06/11/2014 01:49 pm ET Updated Dec 06, 2017

Rules Are Rules

Ally Del Monte

Canadian 11th grader Lindsey Stocker was in trouble. She wore shorts to school, and was told they were not appropriate. She was asked to go home and change, or face suspension. She refused, and printed up posters instead. Her posters read:

Don't humiliate her because she's wearing shorts. It's hot outside. Instead of shaming girls for their bodies, teach boys that girls are not sexual objects.

She's right: Guys need to know that girls bodies are NOT sexual objects, and they need to be able to control themselves. It's not -- or shouldn't be -- a girl's job to dress so that men will be able to "control themselves." Men should have control of themselves, in all ways, period -- as should women.

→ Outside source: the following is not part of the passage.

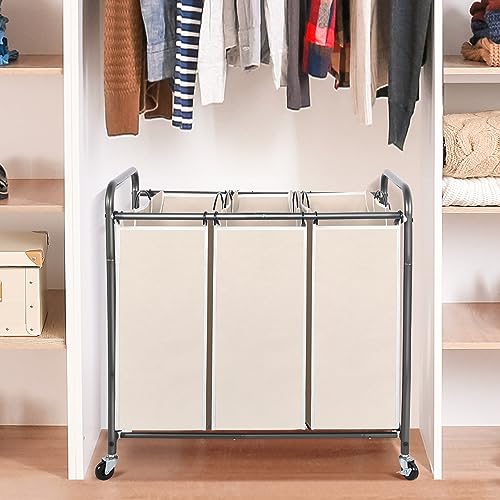 STO STO Laundry Sorter 3 Section, 3 Bag Clothes Hamper, Rolling Laundry Cart Basket with Heavy Duty Lockable Wheels and Removable Bag for Laundry Room, Bedroom, Closet, Beige - color: Beige, size: 3-Section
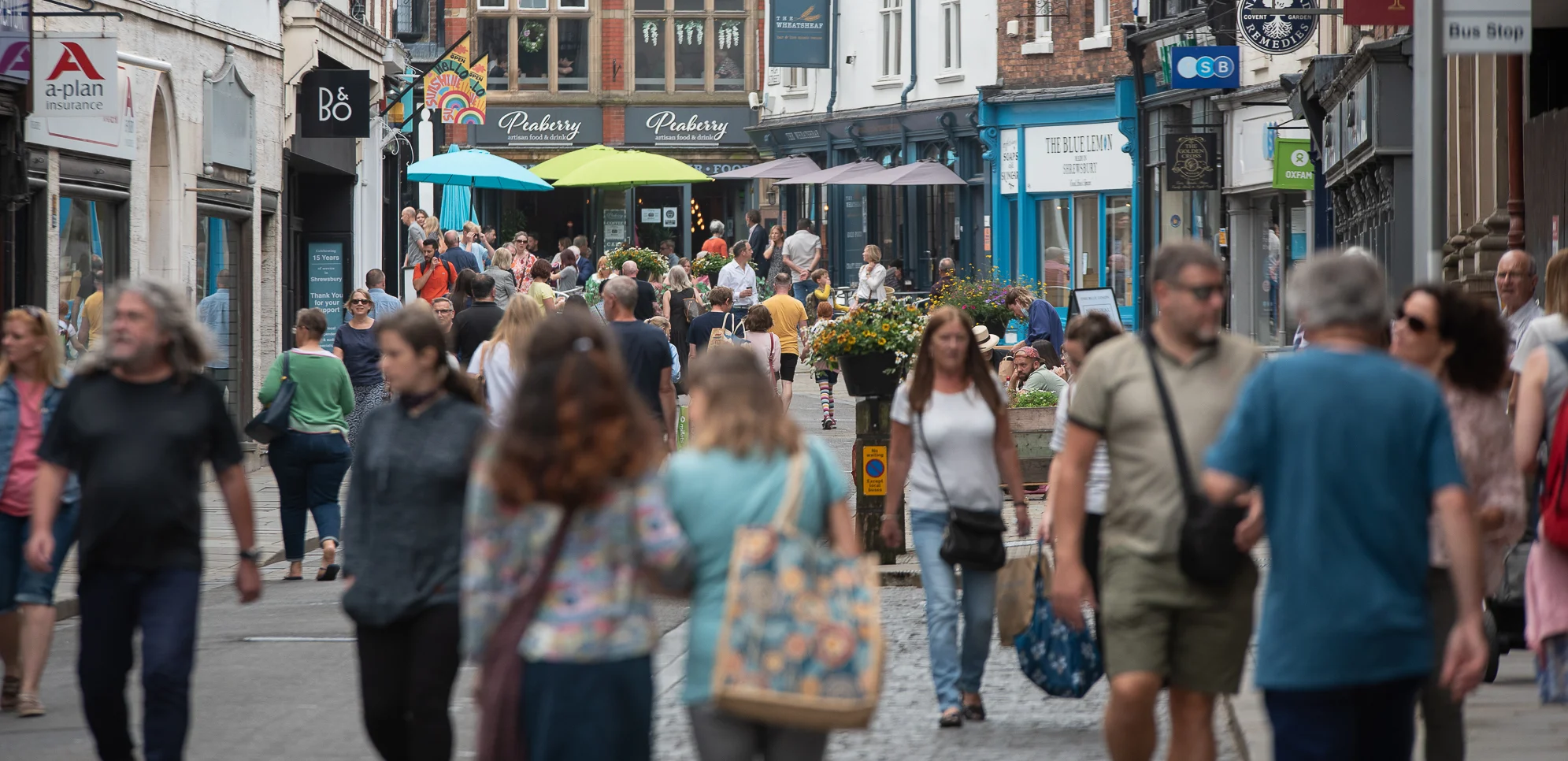 Shrewsbury Town Centre Full Of People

But this isn't about "shaming women." It's about a high school 11th grader who violated her school's dress code simply because she didn't want to follow the rules. The school's dress code, according to the Beaconsfield High School website, says:

Students must dress appropriately for school. Ripped or torn clothing, short shorts or skirts, T-shirts with unacceptable language or promoting violence, drugs or sexual innuendo, halter tops/tube tops/bikini tops, visible underwear, low-riding pants, excessive cleavage, outdoor clothing and attire exposing the midriff are all forbidden in school.

She was asked to change to comply with the rule, and she blatantly defied the administrators. The rule didn't say she couldn't wear shorts, but that she couldn't wear "short-shorts." I don't see anywhere there it states that these rules simply apply to women. These rules apply to men as well. We have a dress code at my school that is pretty much the same as her school's, except we have no tank top rule and a more particular shorts rule. The shorts rule is that your shorts must at least be as long as your fingertips on your legs with your arms hanging down by your sides, for both girls and boys. I personally don't find this sexist or shaming or anything other than a rule to be followed.

ally del monte

The outfits my friends and I are wearing for a party are perfectly appropriate -- for a party. However, they wouldn't be OK for school. Our school dress code states that there should be no shorts that violate the "shorts" rule, no tanks and no spaghetti straps. I'm fine with that. I'm not being humiliated or harassed. I'm just observing the rules.

High school is the training ground for adult life. A real life with responsibilities that won't always consider your tender feelings when rules are made. Many jobs have dress codes, even uniforms, and if you don't comply, you lose your job. It's not shaming or bullying or harassment if you are asked and expected to follow rules. In this case, the school is asking all students to dress with respect and in a manner in which the school would like to portray itself. High school is not just a place where you learn how to be yourself, it's a place where you learn to function in society and like it or not, society has rules. Being asked to follow rules isn't harassment. It's life.